Abbiamo i primi concerti, ma per un ritorno alla normalità ci vorrà tempo, immagino.
Come Barocchisti e Coro della Rsi, appena ci è stata data la possibilità di ritornare nell’Auditorio Stelio Molo abbiamo ripreso a lavorare “per l’antenna”: streaming e registrazioni sono il nostro ‘core business’ per cui non abbiamo strettamente bisogno di pubblico in sala. In questo siamo un po’dei privilegiati, ma è anche vero che l’influenza del pubblico sul risultato artistico è un dato di fatto. Anche in questi primi concerti: appena trecento persone in un teatro che ne contiene ben più di mille, ma applaudivano così calorosamente da far sentire la loro partecipazione.
Spero quindi di poter continuare: ho un impegno in Francia, in una zona non particolarmente colpita e spero vada tutto bene… è tutta una situazione un po’ paradossale, un po’ malata in cui si cerca di sopravvivere guardando il proprio vicino un po’ in cagnesco temendo ti possa contagiare. Non è una bella situazione.
La presenza del pubblico cambia così tanto, per un musicista?
Cambia enormemente: il pubblico è parte integrante di uno spettacolo, il musicista o il cantante che sta sul palco percepisce benissimo l’energia che il pubblico gli trasmette. Anche alla Scala, tante recite della stessa opera e da una sera all’altra la differenza è enorme e non dipende dall’impegno dei musicisti ma dalla reazione del pubblico. Il pubblico giovanile del pomeriggio, con i biglietti a prezzo contenuto, scatena un entusiasmo che magari non c’è alla prima, con le persone che pagano di più ma magari hanno un po’ di puzza sotto il naso. Il pubblico lo si sente moltissimo e senza pubblico ci si sente un po’ persi, un po’ isolati: sembra più una prova che un concerto. Ci vuole immaginazione per sentire il pubblico che magari ti sta ascoltando alla radio…

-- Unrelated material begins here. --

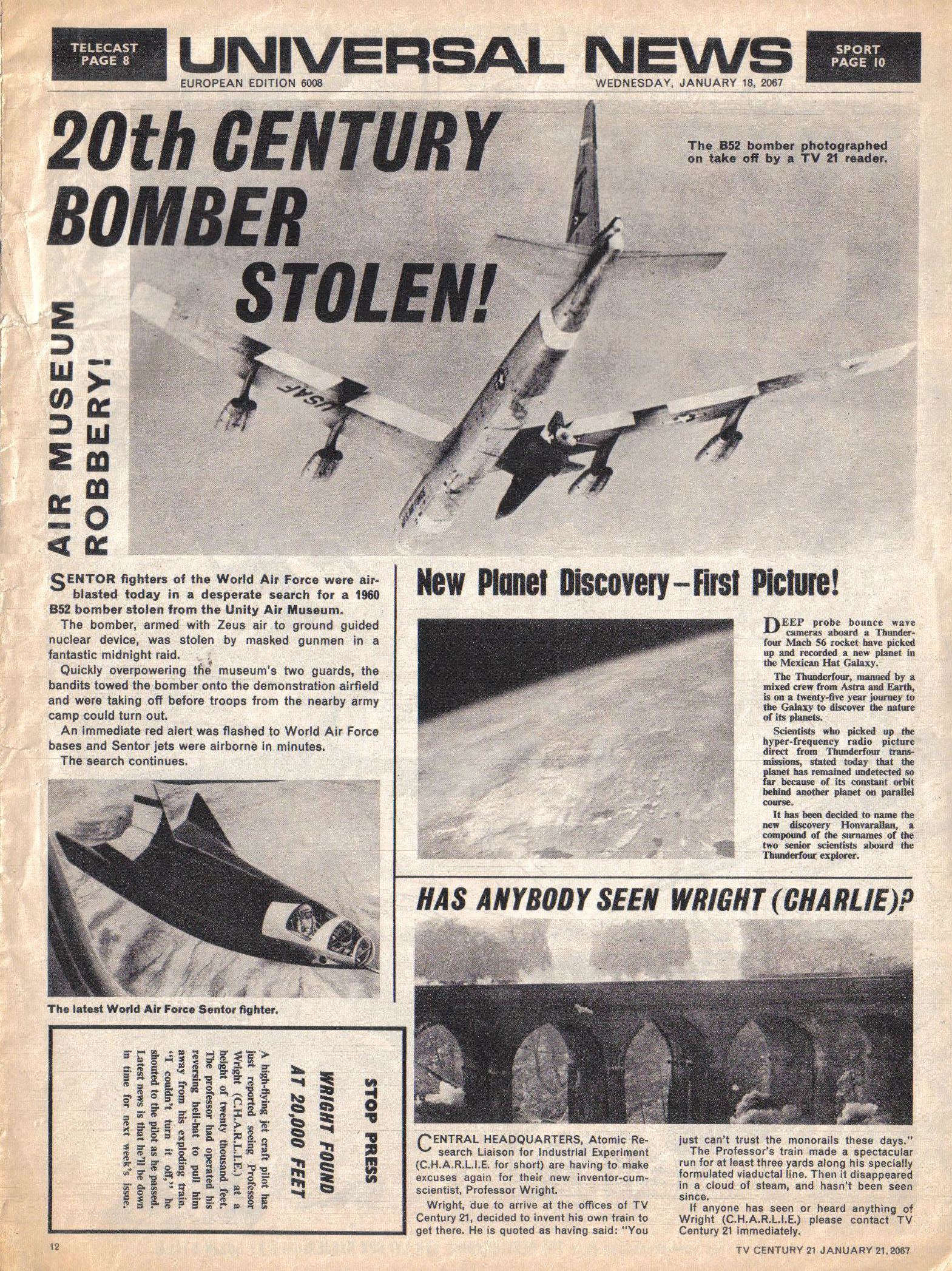 Read online TV Century 21 (TV 21) comic -  Issue #105 - 11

Vedremo il pubblico di Chiasso.
Abbiamo scelto una delle opere più straordinarie per la sua simpatia: ‘La serva padrona’. Non ci sono troppi cantanti, solo due più un mimo, l’orchestra piccolina però è una musica straordinaria. Non a caso Pergolesi è diventato un mito pur essendo morto così giovane. E questa è una delle opere sicuramente scritta da lui: Pergolesi si è visto attribuire decine di composizioni non sue, che non avrebbe neppure potuto scrivere nei pochi anni che la vita gli ha concesso, ma era talmente ammirato che bastava mettere “Pergolesi” al brano di un signor Pinco Pallino per avere un successo garantito.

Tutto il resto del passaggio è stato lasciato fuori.